→ What the task asks: What is needed is an exact retyping of the records below, from the first line through the line that contains "Gradinarit-Agricultura".

→ Materials provided:
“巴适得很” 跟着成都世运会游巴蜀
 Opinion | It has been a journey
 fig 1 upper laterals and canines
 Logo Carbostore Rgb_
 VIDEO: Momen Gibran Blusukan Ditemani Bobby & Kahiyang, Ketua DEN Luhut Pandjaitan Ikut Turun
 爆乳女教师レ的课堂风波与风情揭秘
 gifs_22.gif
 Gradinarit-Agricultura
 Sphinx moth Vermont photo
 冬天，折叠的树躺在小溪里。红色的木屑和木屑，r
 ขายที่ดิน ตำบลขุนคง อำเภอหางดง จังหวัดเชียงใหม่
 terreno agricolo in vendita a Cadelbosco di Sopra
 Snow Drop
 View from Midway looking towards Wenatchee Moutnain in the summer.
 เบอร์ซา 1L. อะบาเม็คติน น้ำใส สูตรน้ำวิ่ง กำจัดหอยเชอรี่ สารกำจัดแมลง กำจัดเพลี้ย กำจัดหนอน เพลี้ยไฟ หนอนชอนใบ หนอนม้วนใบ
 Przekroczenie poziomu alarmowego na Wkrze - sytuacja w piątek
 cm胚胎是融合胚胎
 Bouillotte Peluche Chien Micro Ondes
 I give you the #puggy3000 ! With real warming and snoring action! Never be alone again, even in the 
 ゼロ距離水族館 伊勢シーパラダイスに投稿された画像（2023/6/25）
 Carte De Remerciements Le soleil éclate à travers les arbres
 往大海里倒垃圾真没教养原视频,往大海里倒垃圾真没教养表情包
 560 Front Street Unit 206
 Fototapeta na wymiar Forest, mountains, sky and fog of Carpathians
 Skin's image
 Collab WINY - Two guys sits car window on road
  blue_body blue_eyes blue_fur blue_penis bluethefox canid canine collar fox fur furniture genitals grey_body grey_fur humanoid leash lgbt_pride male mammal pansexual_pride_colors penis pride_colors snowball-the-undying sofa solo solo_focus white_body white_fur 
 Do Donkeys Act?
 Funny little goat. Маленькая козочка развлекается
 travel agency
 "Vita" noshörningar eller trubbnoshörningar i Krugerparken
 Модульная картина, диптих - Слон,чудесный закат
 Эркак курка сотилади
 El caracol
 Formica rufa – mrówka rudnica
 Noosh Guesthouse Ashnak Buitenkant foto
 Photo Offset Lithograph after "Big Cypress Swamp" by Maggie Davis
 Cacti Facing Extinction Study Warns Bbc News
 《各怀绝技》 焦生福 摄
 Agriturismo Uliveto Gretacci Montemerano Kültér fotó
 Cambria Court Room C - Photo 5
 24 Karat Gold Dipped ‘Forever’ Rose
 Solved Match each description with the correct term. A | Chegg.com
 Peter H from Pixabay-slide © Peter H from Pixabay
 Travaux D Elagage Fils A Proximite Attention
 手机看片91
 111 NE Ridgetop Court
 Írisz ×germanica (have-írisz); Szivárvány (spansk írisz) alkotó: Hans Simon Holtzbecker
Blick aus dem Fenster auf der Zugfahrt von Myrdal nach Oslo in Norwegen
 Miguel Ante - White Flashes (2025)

→ Result of this exercise:
“巴适得很” 跟着成都世运会游巴蜀
 Opinion | It has been a journey
 fig 1 upper laterals and canines
 Logo Carbostore Rgb_
 VIDEO: Momen Gibran Blusukan Ditemani Bobby & Kahiyang, Ketua DEN Luhut Pandjaitan Ikut Turun
 爆乳女教师レ的课堂风波与风情揭秘
 gifs_22.gif
 Gradinarit-Agricultura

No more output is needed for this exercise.